1 Ontstaan en loop van het geding
Bij brief van 7 januari 2019 heeft de ontvanger aan belanghebbende medegedeeld welk gedeelte van zijn betalingen in de periode van 1 september 2018 tot en met 31 december 2018 (hierna: de betalingen) met betrekking tot de navorderingsaanslag inkomstenbelasting/premie volksverzekeringen (hierna: IB/PVV) 2007 (hierna: de navorderingsaanslag) en de daarbij opgelegde boete- en heffingsrentebeschikkingen, is toegerekend aan invorderingsrente.
Belanghebbende heeft hierop gereageerd bij brief van 14 januari 2019. De ontvanger heeft deze brief aangemerkt als bezwaarschrift tegen de in 1.1 vermelde brief die de ontvanger opvat als beschikking invorderingsrente.
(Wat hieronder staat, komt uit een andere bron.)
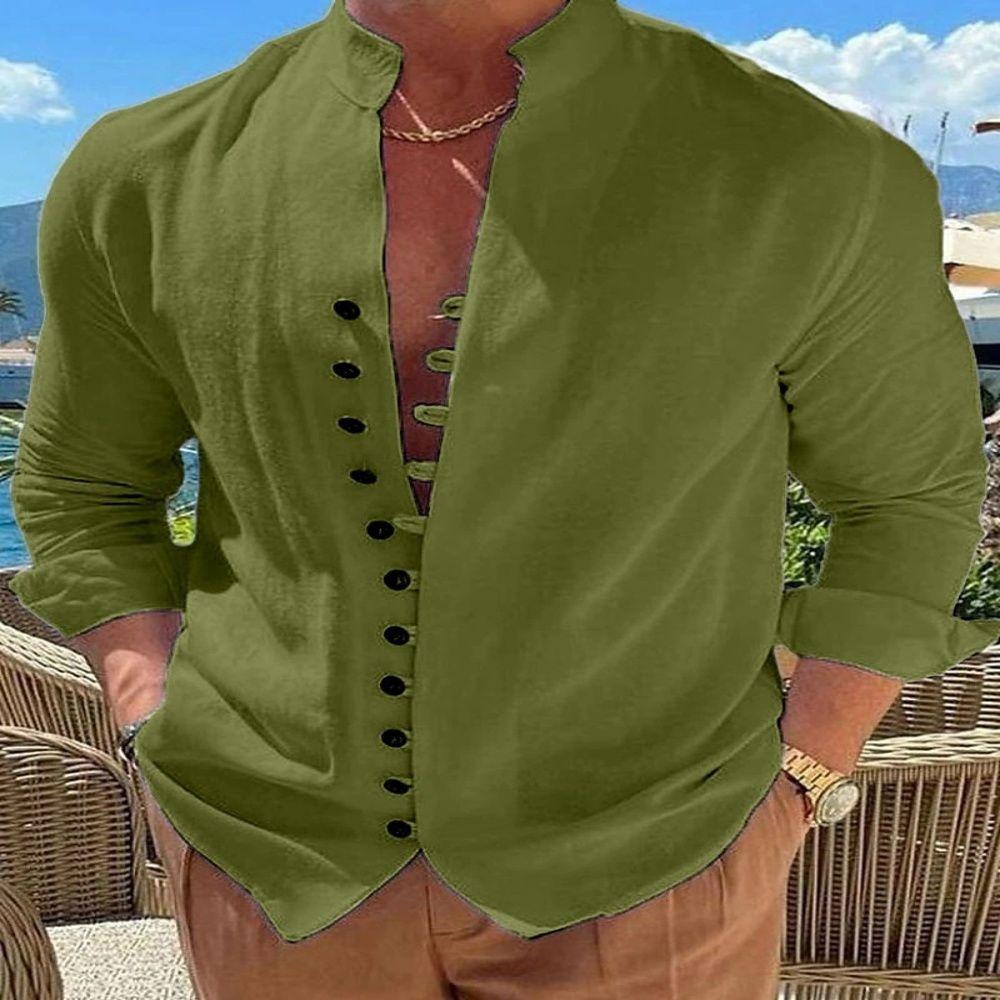 100% Pure Cotton Linen Hot Selling Fashion Men's Long Sleeved Shirt Solid Color Stand Up Collar Casual Style Men's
De ontvanger heeft uitspraak op bezwaar gedaan en het bezwaar ongegrond verklaard.
Belanghebbende heeft tegen de uitspraak op bezwaar beroep ingesteld bij de rechtbank.
De rechtbank heeft het beroep ongegrond verklaard.
Belanghebbende heeft tegen de uitspraak van de rechtbank hoger beroep ingesteld bij het hof. De ontvanger heeft, ook nadat hij hiertoe gerappelleerd is, verzuimd om binnen de hem gestelde termijn een verweerschrift in te dienen.
Partijen hebben nadere stukken ingediend. Deze stukken zijn doorgestuurd naar de andere partij.
Het hof heeft partijen uitgenodigd voor een mondelinge behandeling op de zitting van 31 maart 2022.
Namens belanghebbende is op 30 maart 2022 telefonisch medegedeeld dat belanghebbende de zitting, wegens ziekte, niet bij kan wonen en dat de zaak zonder mondelinge behandeling afgedaan kan worden. Belanghebbende heeft dit bij e-mail van 31 maart 2022 bevestigd.
De ontvanger heeft bij e-mail van 30 maart 2022 medegedeeld dat ook hij akkoord is met het achterwege blijven van de zitting.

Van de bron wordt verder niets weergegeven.